> **THE RECORDS**:

= Beginning of Section =

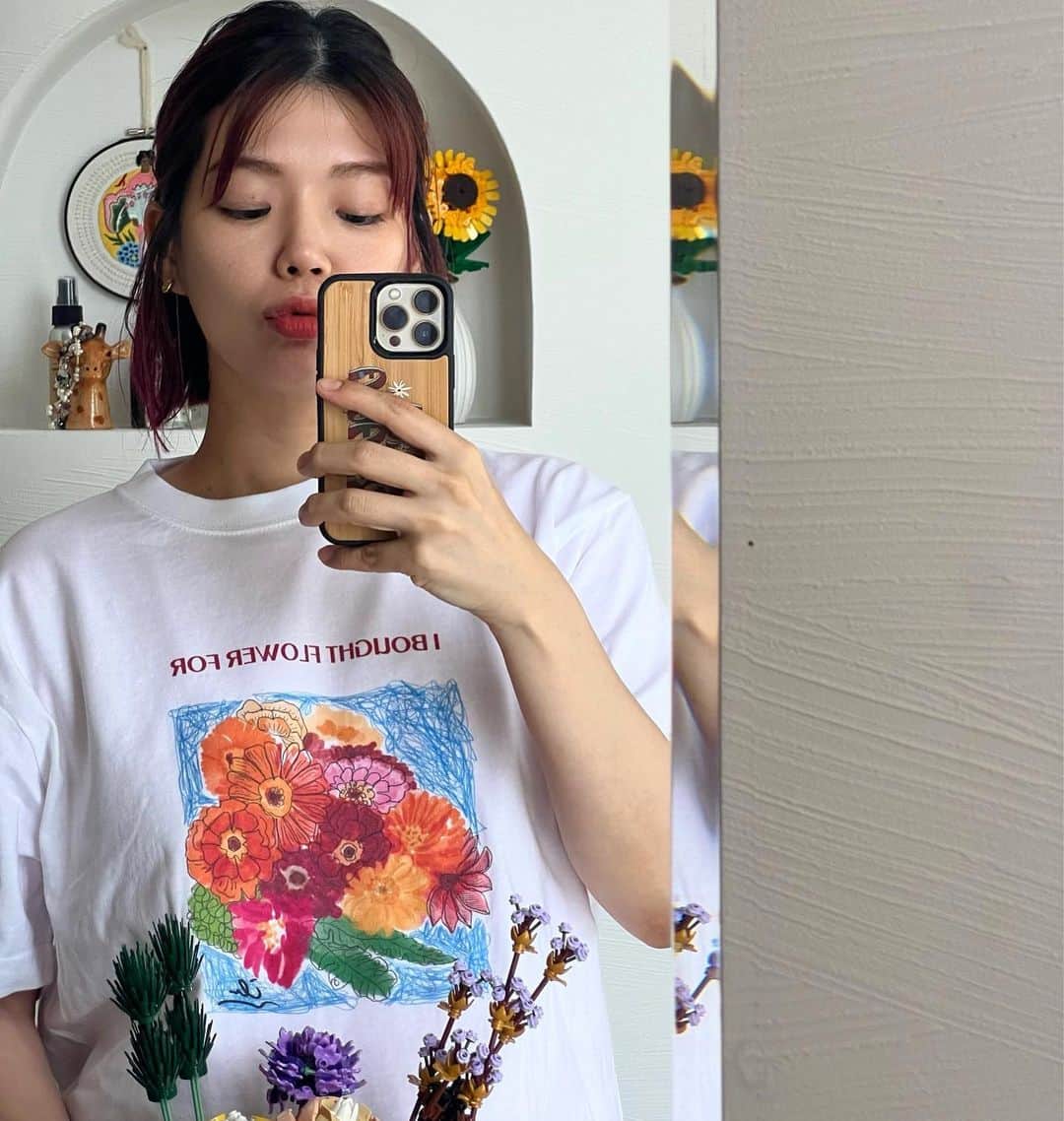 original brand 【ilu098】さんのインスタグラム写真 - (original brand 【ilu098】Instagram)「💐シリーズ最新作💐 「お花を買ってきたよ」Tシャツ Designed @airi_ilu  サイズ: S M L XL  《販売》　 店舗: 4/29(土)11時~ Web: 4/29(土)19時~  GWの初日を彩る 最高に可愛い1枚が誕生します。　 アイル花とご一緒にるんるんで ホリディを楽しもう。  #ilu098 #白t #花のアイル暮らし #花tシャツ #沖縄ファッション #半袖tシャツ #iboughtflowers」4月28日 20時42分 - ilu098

= End of Section =
= Beginning of Section =

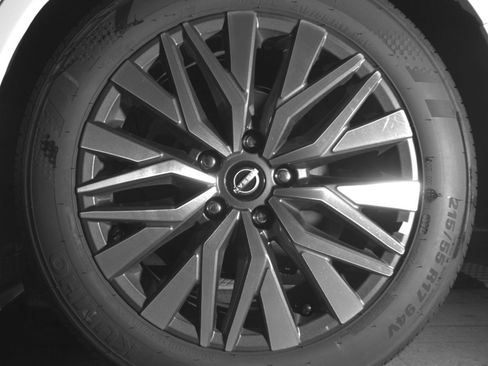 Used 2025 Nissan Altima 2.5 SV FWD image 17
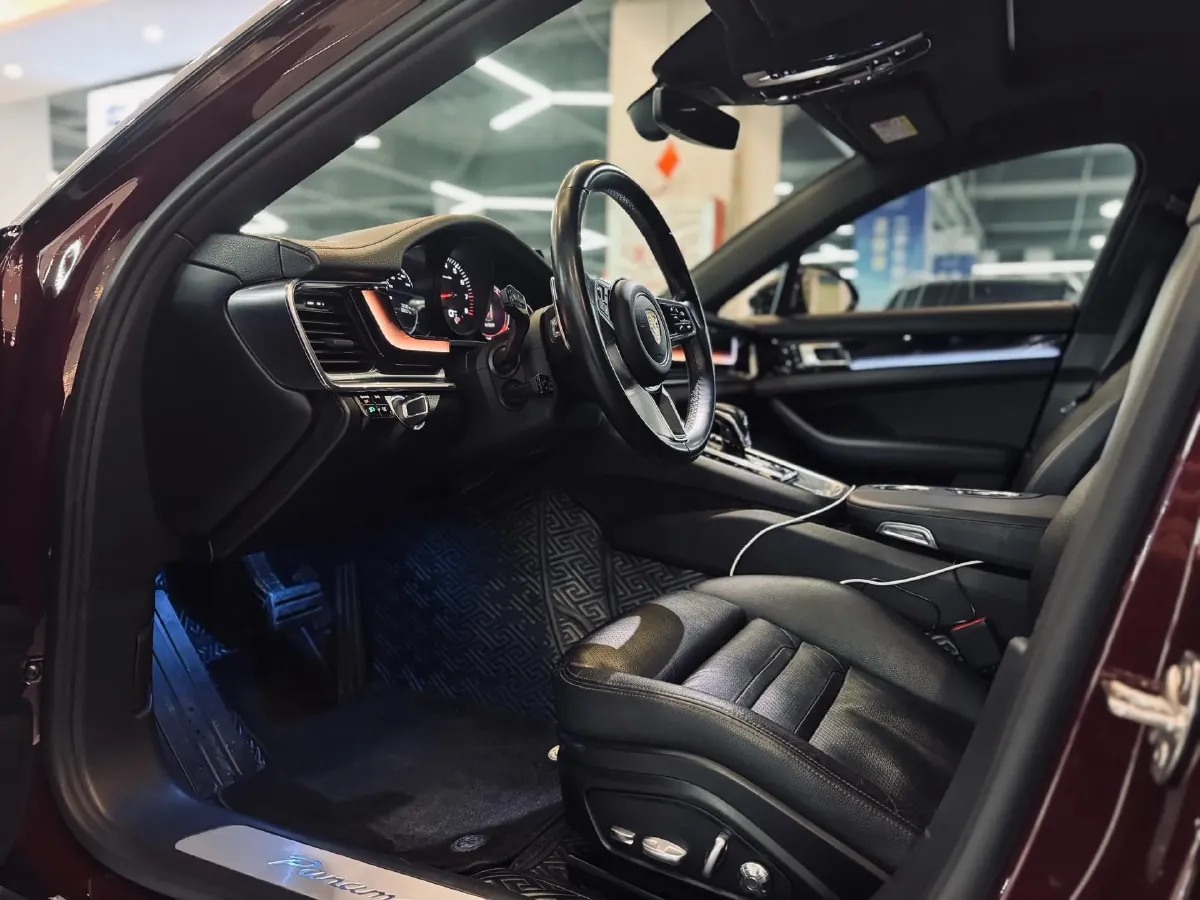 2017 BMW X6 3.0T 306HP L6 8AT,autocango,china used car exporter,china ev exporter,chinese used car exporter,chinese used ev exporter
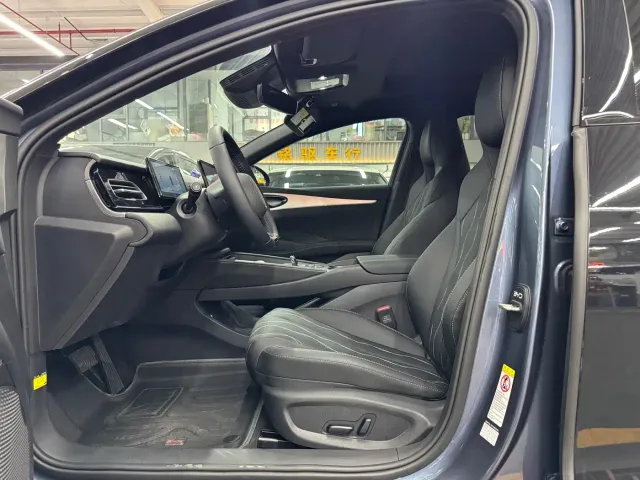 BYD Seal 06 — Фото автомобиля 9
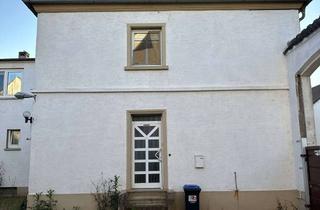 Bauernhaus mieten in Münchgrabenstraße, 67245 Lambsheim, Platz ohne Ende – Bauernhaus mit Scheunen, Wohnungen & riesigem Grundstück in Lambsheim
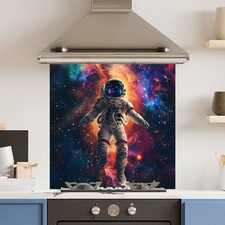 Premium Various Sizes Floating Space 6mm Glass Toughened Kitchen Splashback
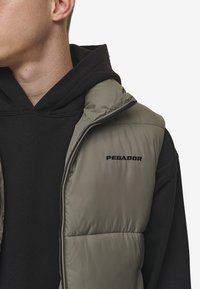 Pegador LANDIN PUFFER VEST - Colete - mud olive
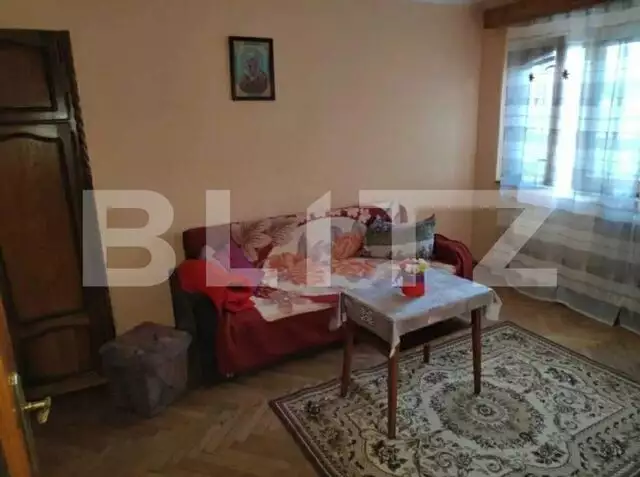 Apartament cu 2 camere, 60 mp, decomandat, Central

= End of Section =

> **YOUR GOAL**: From the records above, extract the lines from the one holding "BYD Seal 06 — Фото автомобиля 9" through the one holding "Apartament cu 2", word for word; omit the pictures.

> **TASK ANSWER**:
 BYD Seal 06 — Фото автомобиля 9
 Bauernhaus mieten in Münchgrabenstraße, 67245 Lambsheim, Platz ohne Ende – Bauernhaus mit Scheunen, Wohnungen & riesigem Grundstück in Lambsheim
 Premium Various Sizes Floating Space 6mm Glass Toughened Kitchen Splashback
 Pegador LANDIN PUFFER VEST - Colete - mud olive
 Apartament cu 2 camere, 60 mp, decomandat, Central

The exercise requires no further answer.